(Source records)
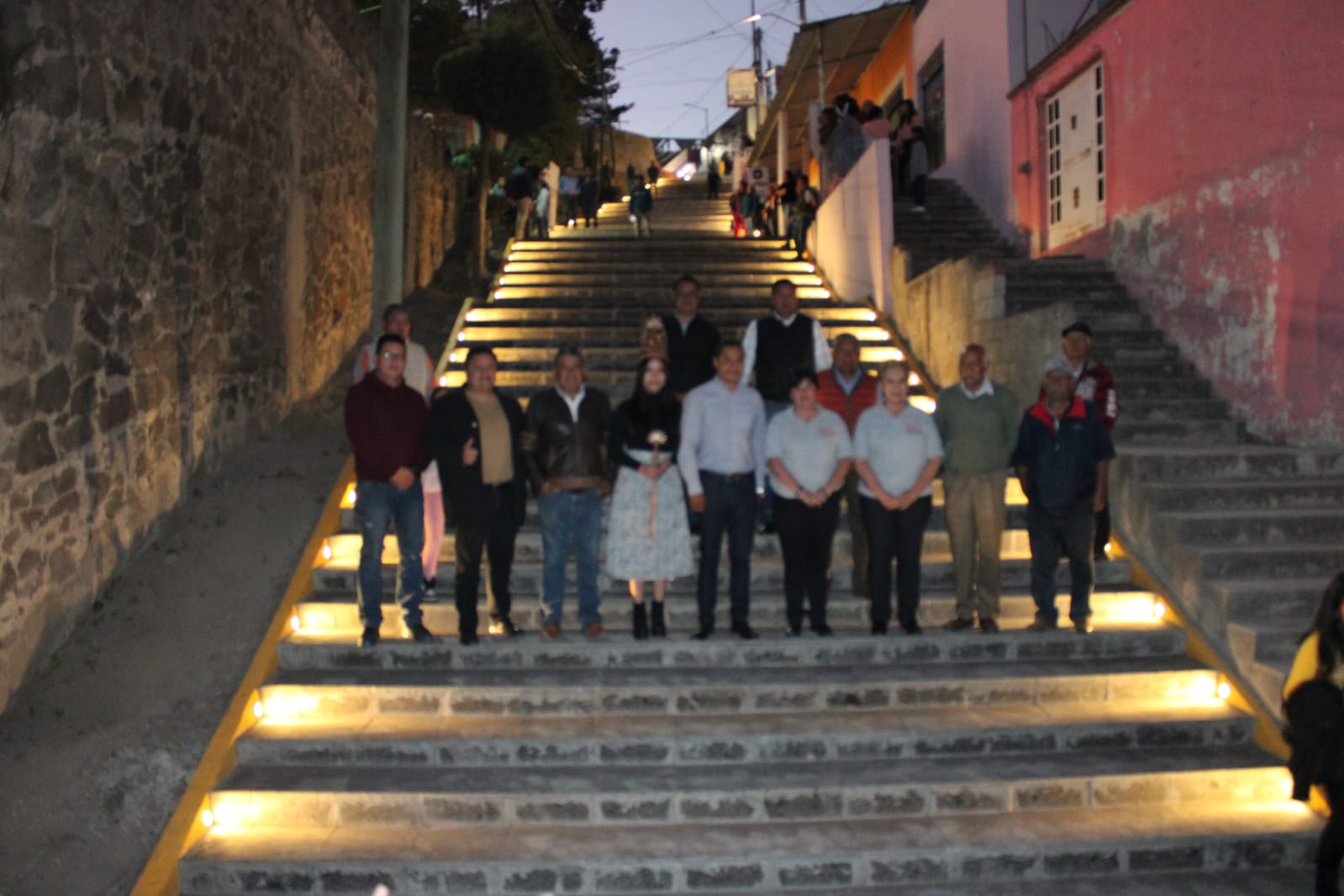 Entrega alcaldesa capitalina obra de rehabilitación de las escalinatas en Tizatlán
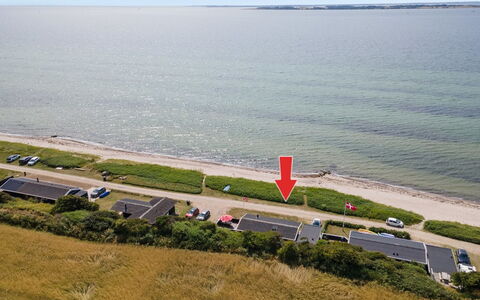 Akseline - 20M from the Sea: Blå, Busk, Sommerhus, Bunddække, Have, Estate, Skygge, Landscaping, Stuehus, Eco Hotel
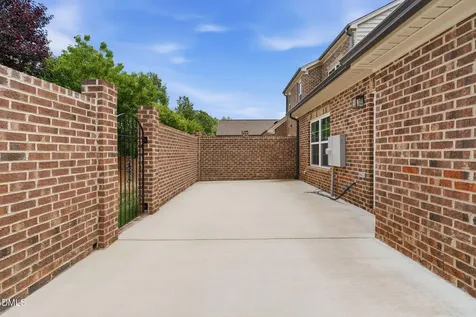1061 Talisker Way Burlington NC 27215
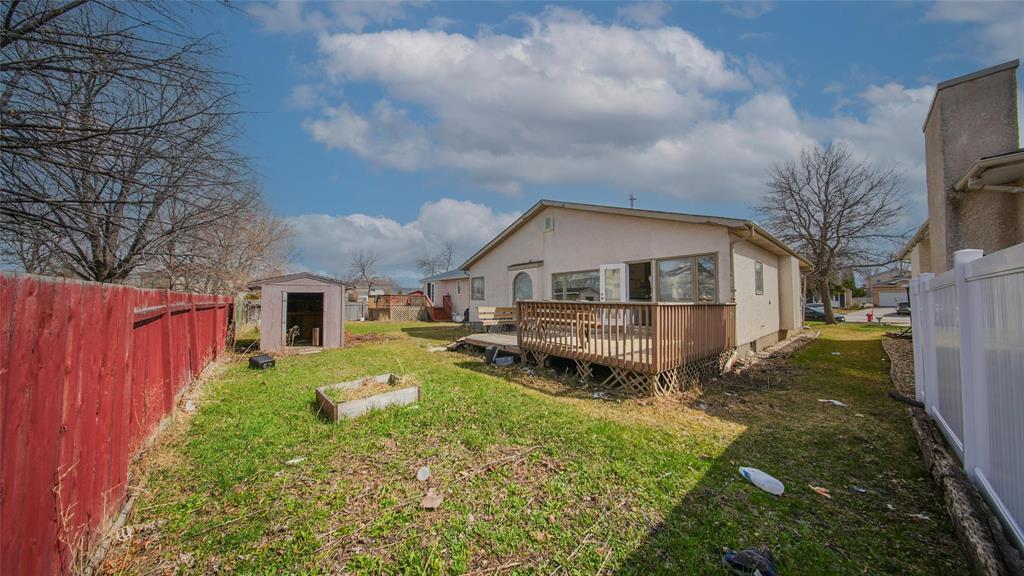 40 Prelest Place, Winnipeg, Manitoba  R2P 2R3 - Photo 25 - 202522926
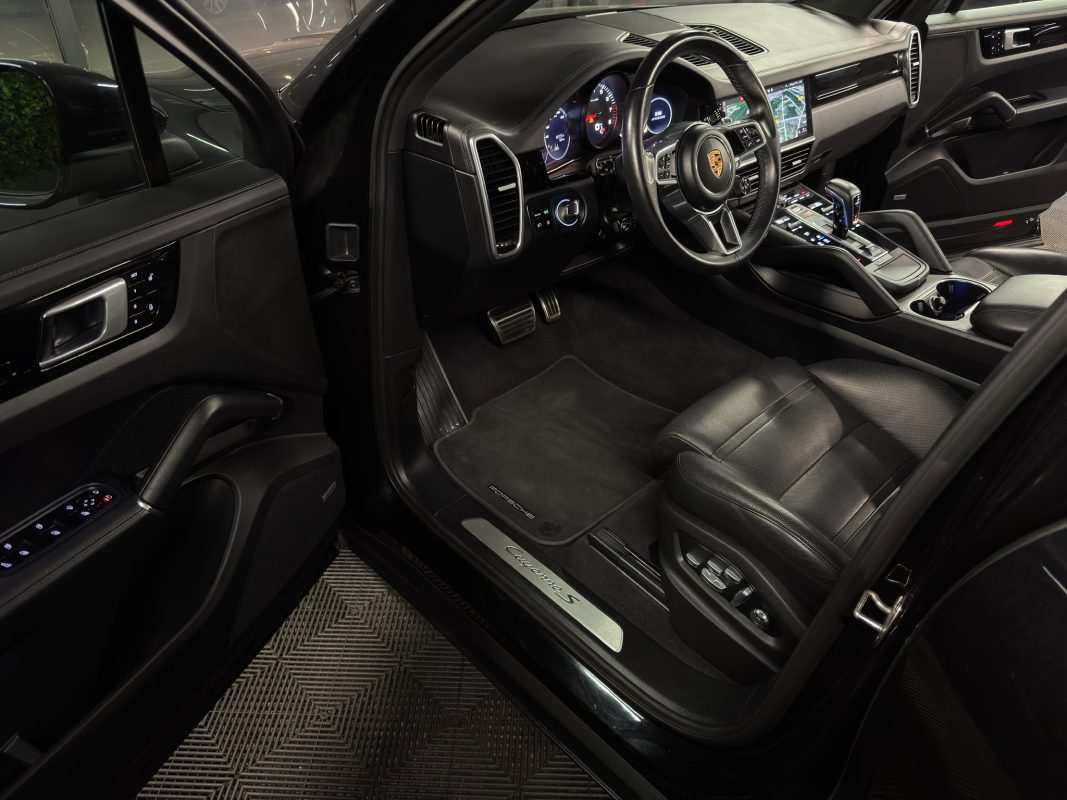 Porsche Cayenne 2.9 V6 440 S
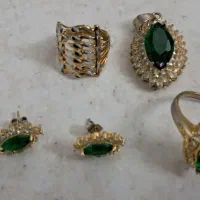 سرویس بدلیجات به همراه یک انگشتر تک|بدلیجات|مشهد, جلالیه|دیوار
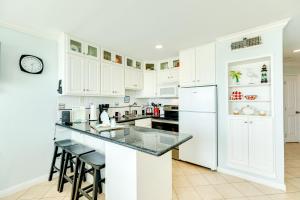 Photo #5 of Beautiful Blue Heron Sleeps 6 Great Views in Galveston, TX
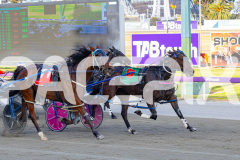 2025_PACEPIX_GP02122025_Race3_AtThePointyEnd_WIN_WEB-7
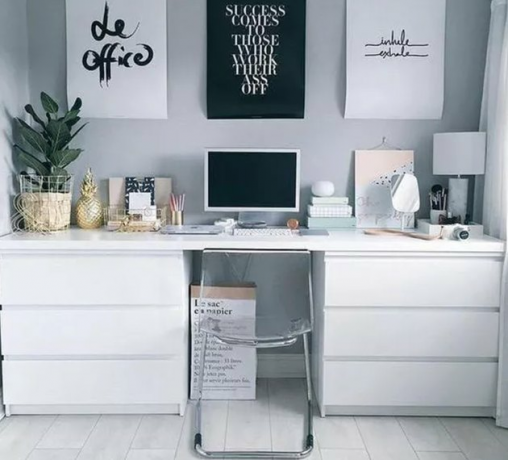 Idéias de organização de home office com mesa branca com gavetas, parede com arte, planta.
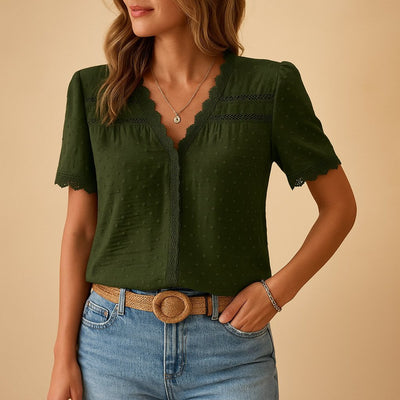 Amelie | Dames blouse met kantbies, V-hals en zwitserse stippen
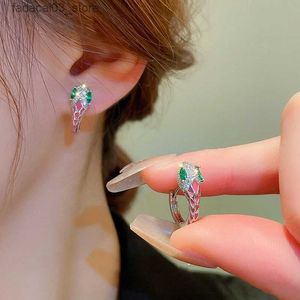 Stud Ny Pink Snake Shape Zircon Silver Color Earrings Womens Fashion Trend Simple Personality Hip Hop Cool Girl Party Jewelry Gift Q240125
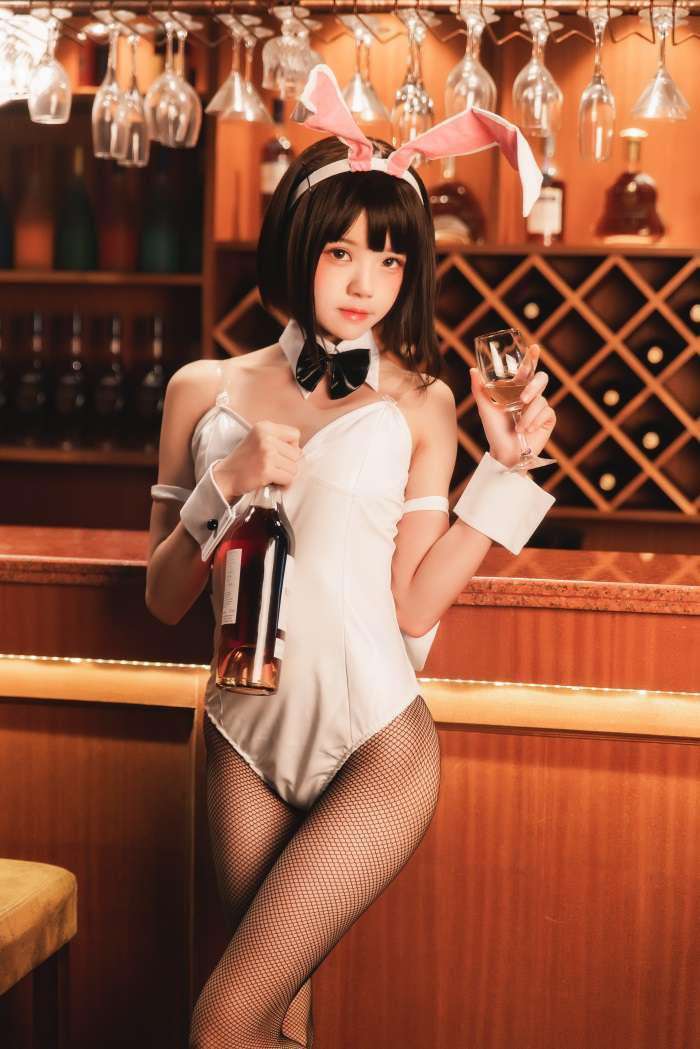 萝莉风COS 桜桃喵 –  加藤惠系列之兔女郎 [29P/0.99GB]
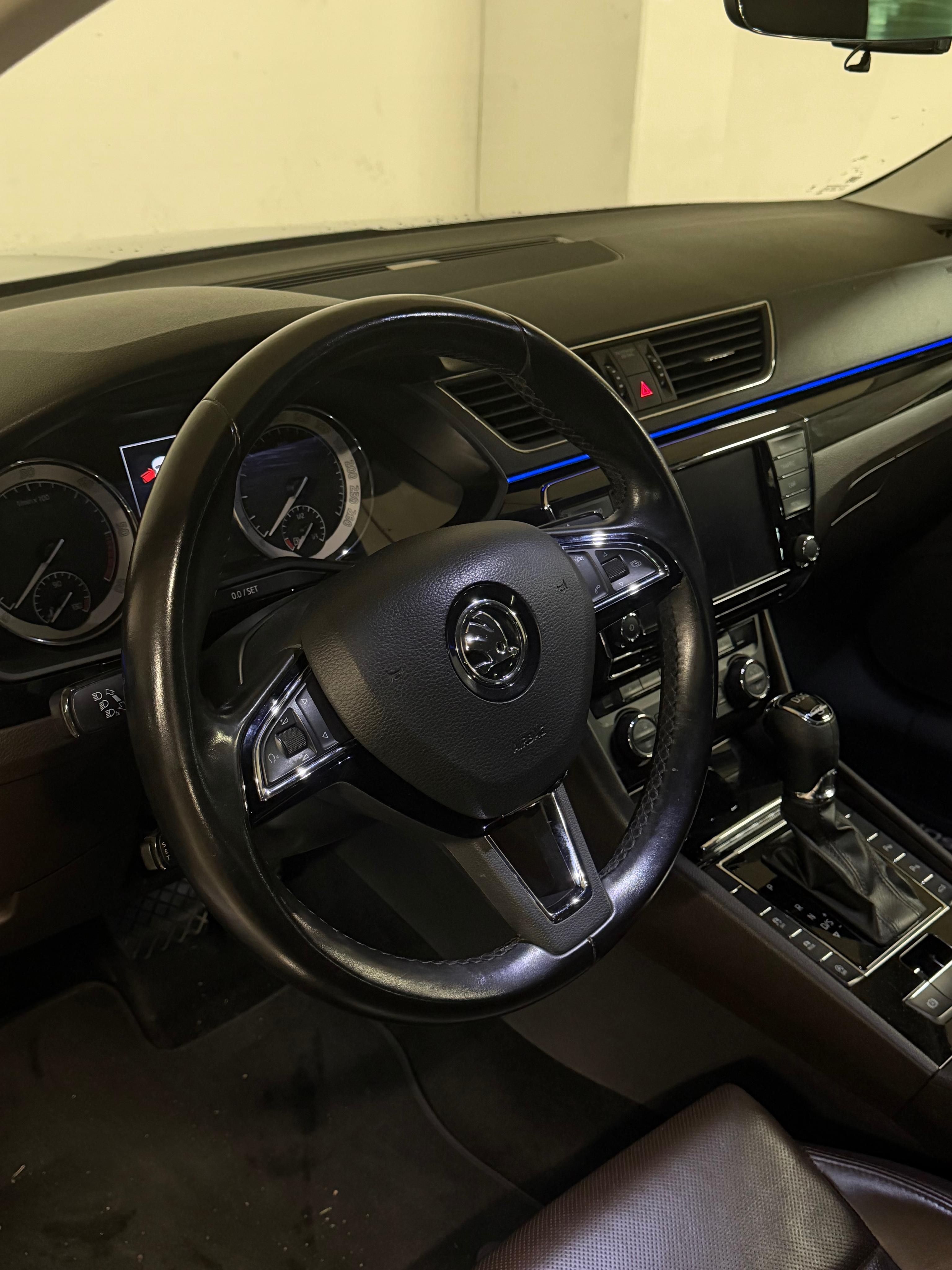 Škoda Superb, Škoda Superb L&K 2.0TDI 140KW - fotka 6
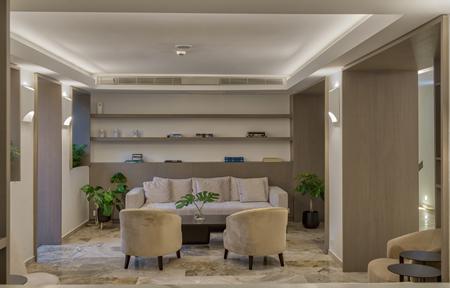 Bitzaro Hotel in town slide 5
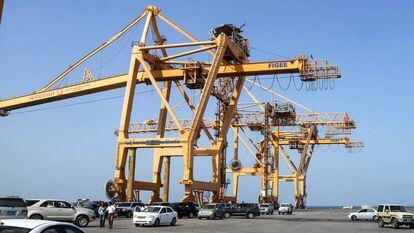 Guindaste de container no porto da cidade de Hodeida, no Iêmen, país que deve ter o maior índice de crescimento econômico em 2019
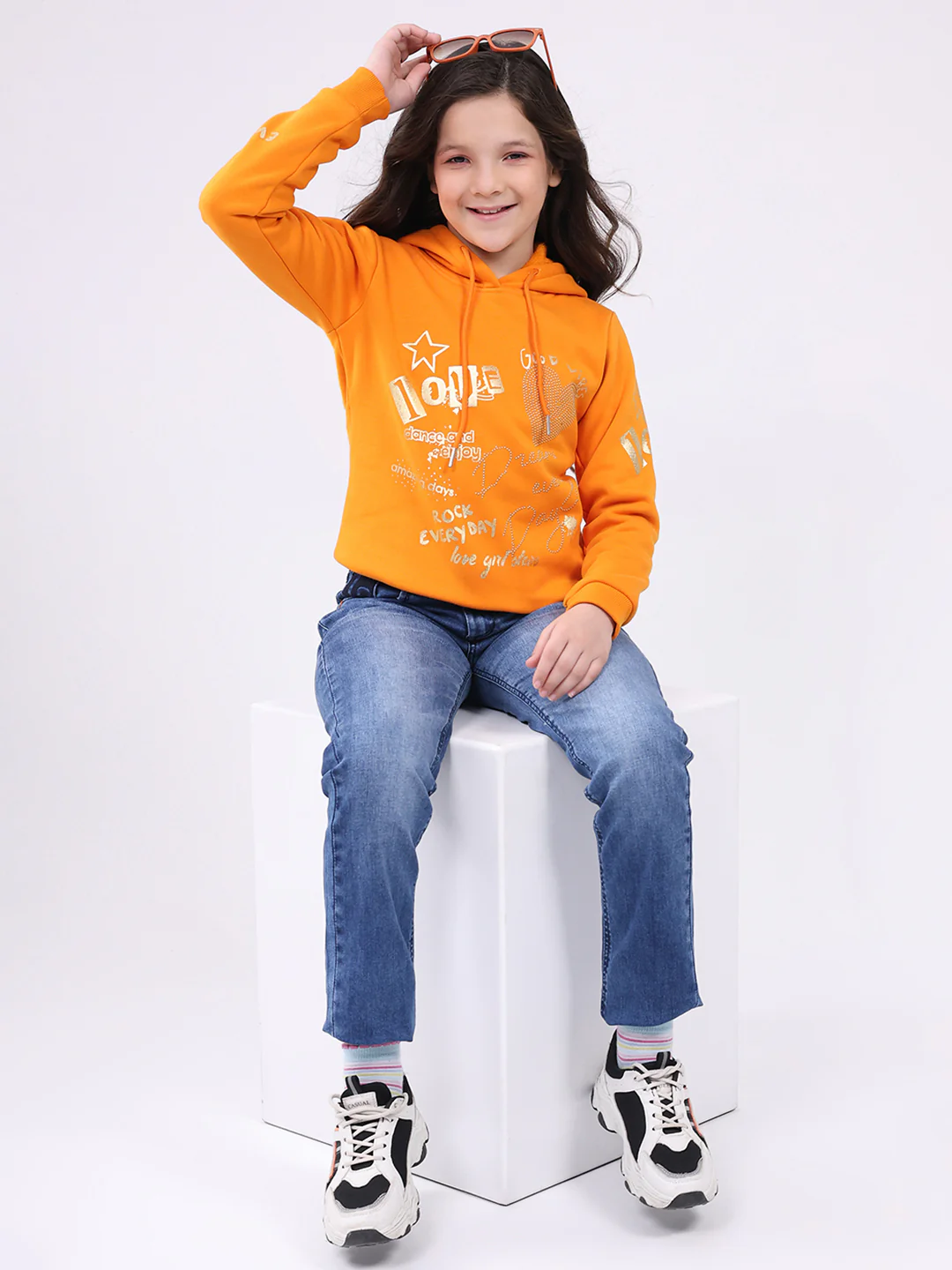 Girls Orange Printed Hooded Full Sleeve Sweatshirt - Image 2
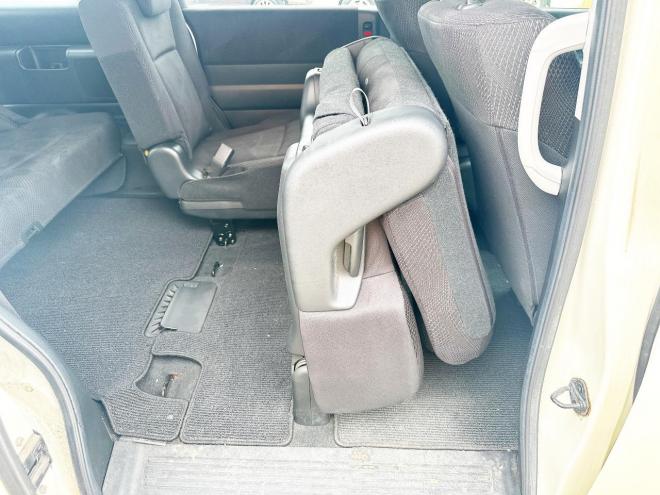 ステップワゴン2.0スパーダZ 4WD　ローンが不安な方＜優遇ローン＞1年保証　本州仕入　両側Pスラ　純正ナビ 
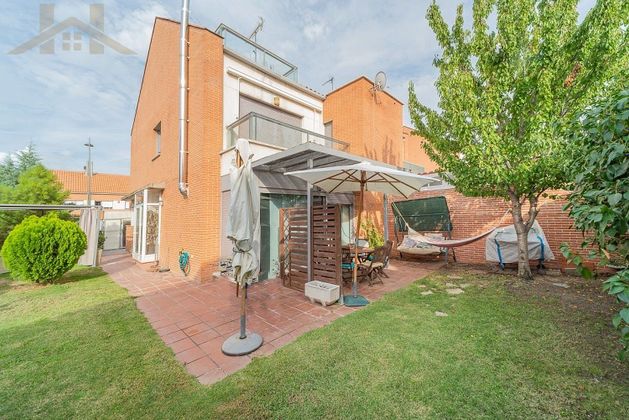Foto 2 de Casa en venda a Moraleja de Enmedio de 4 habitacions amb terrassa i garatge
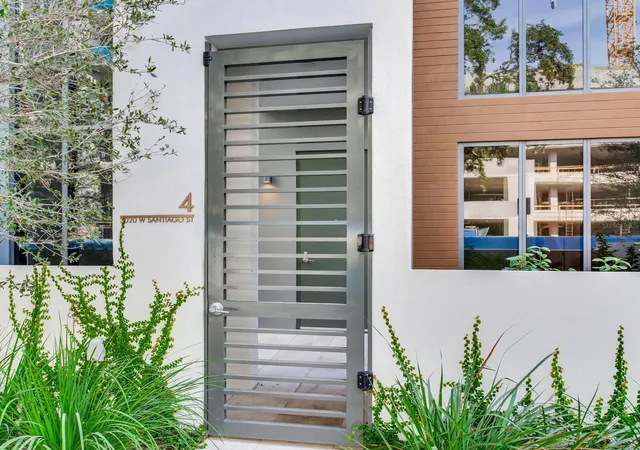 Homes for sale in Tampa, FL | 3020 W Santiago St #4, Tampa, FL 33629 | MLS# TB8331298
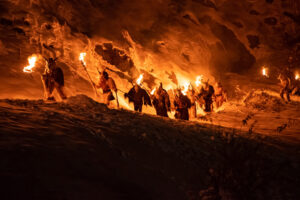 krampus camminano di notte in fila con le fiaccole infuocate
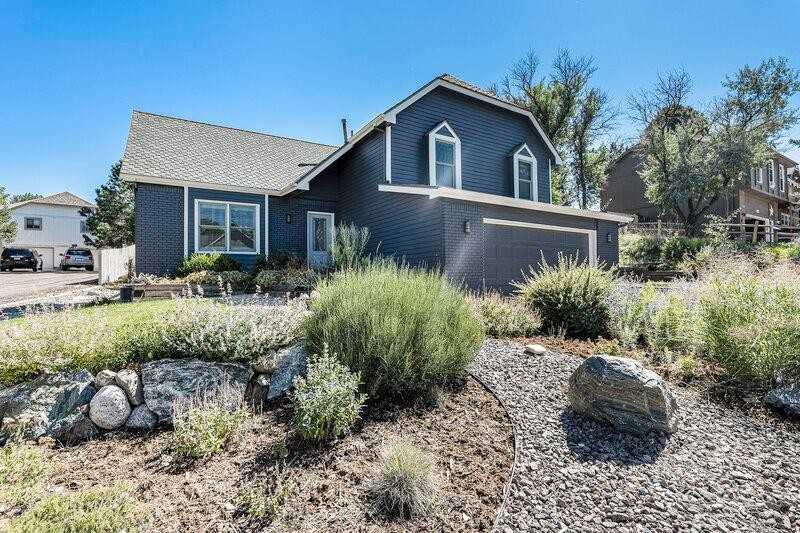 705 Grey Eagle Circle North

Directions:
What lines above run from the one with "Škoda Superb, Škoda" to the one with "Foto 2 de Casa"? Give them again exactly, ends included, and leave the pictures out.

Answer to this problem:
 Škoda Superb, Škoda Superb L&K 2.0TDI 140KW - fotka 6
 Bitzaro Hotel in town slide 5
 Guindaste de container no porto da cidade de Hodeida, no Iêmen, país que deve ter o maior índice de crescimento econômico em 2019
 Girls Orange Printed Hooded Full Sleeve Sweatshirt - Image 2
 ステップワゴン2.0スパーダZ 4WD　ローンが不安な方＜優遇ローン＞1年保証　本州仕入　両側Pスラ　純正ナビ 
Foto 2 de Casa en venda a Moraleja de Enmedio de 4 habitacions amb terrassa i garatge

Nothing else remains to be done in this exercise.